* _BRIEF_: Give the lines below again exactly, starting with the line that holds "Sofá Brisa Madeira" and going on through the line that holds "Hazardous fire flares".

* _DATA IN THIS EXERCISE_:
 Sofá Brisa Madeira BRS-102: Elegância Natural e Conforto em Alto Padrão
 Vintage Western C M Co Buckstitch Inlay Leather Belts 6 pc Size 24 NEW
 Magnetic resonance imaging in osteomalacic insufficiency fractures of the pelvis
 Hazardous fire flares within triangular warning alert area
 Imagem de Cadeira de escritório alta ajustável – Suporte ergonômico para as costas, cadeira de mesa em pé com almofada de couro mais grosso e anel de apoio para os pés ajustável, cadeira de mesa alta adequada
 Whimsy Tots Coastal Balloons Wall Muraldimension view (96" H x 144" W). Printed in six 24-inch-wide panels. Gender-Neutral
---
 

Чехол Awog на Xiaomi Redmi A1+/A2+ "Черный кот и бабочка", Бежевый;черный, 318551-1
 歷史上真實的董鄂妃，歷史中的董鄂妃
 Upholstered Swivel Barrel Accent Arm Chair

* _RESPONSE TO THE TASK_:
 Sofá Brisa Madeira BRS-102: Elegância Natural e Conforto em Alto Padrão
 Vintage Western C M Co Buckstitch Inlay Leather Belts 6 pc Size 24 NEW
 Magnetic resonance imaging in osteomalacic insufficiency fractures of the pelvis
 Hazardous fire flares within triangular warning alert area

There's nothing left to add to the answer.